Below is a listing. Set down exactly the lines from the one containing "Totes Auto Open" through the one containing "David's Bridal Draped", both ends included, and leave out the rest.

*** Entries shown Section Begins ***

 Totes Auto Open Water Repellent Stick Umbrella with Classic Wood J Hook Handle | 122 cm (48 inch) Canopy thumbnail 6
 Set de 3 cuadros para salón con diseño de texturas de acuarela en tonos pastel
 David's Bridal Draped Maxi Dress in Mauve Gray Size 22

*** Entries shown Section Ends ***
*** Entries shown Section Begins ***

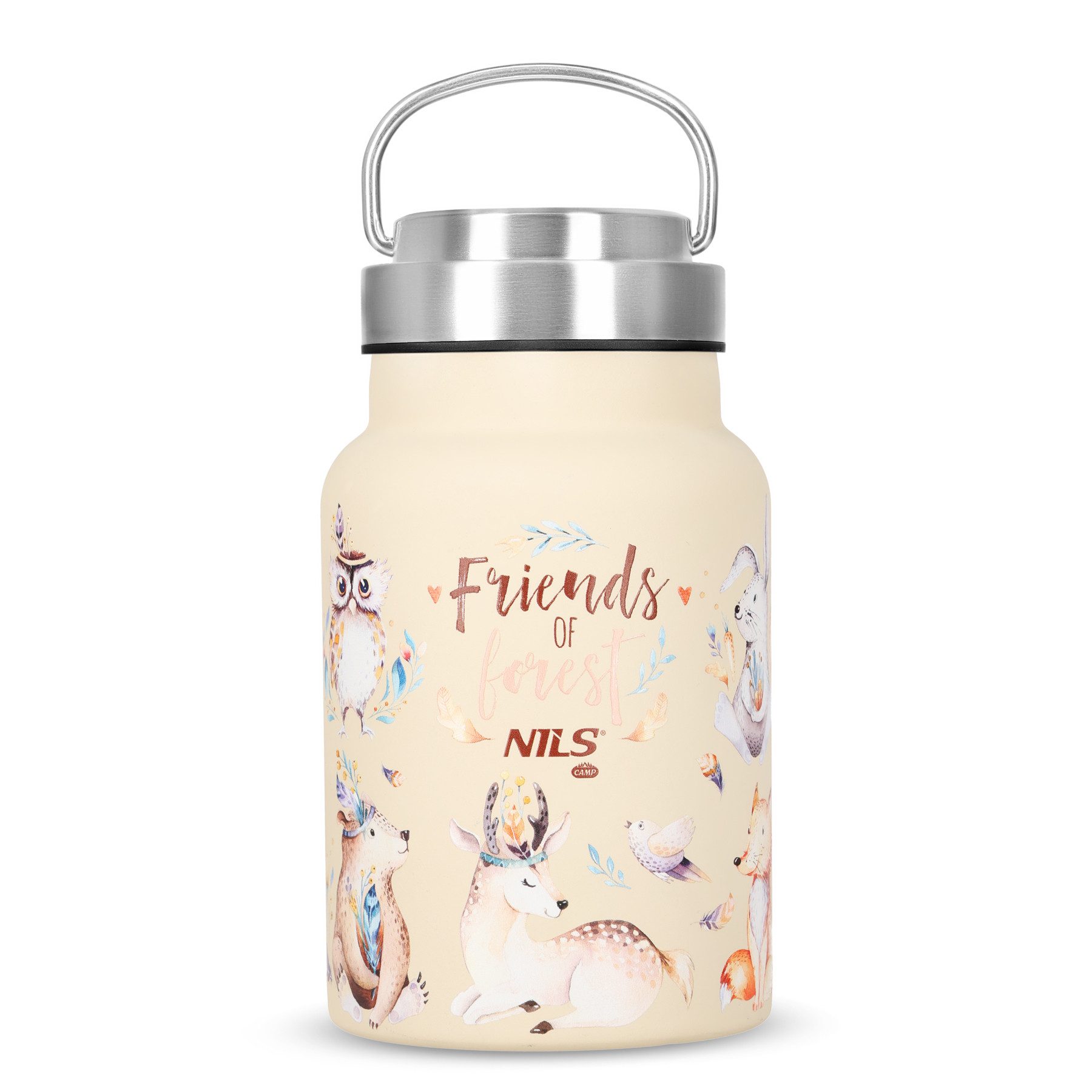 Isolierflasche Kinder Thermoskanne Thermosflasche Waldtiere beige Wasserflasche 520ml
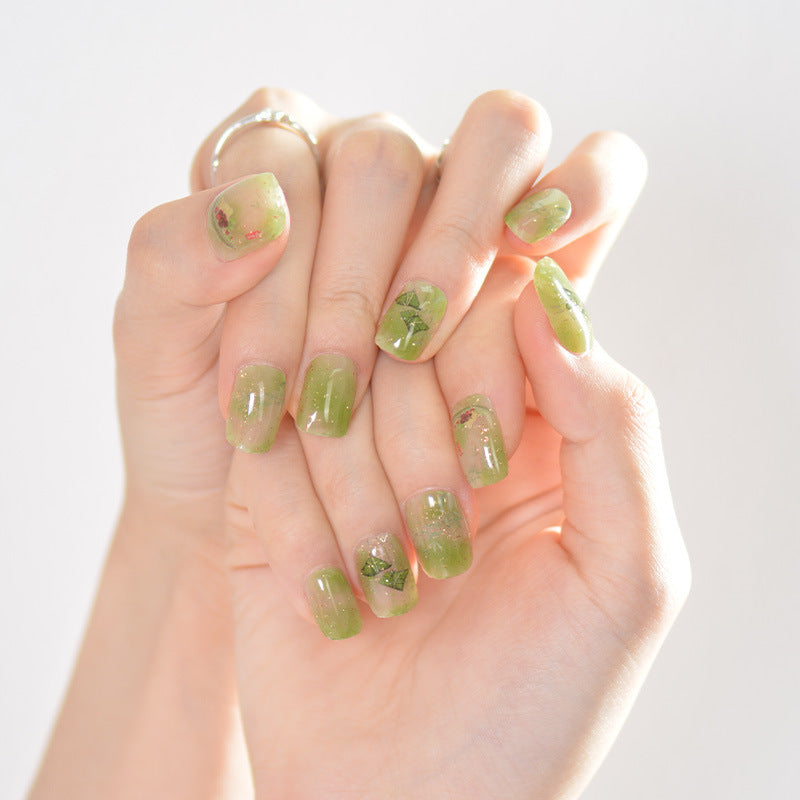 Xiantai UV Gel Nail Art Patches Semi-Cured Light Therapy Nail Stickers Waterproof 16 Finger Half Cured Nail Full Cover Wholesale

*** Entries shown Section Ends ***

## [Completed task]
 Totes Auto Open Water Repellent Stick Umbrella with Classic Wood J Hook Handle | 122 cm (48 inch) Canopy thumbnail 6
 Set de 3 cuadros para salón con diseño de texturas de acuarela en tonos pastel
 David's Bridal Draped Maxi Dress in Mauve Gray Size 22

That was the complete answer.